Entries taken from a collection
==*==

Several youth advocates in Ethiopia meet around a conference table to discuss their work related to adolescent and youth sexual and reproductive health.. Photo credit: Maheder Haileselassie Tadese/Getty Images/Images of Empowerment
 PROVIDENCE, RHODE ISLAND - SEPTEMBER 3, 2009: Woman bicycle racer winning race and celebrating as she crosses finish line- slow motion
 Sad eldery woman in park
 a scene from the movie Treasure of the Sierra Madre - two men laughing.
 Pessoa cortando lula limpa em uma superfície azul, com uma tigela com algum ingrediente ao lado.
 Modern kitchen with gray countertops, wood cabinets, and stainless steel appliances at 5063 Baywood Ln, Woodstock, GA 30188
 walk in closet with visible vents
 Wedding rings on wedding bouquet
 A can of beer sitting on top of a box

==*==

> ASSIGNMENT
Scan the entries above for the string "with" and copy each line that contains it.

> SOLVED PROBLEM
 Modern kitchen with gray countertops, wood cabinets, and stainless steel appliances at 5063 Baywood Ln, Woodstock, GA 30188
 walk in closet with visible vents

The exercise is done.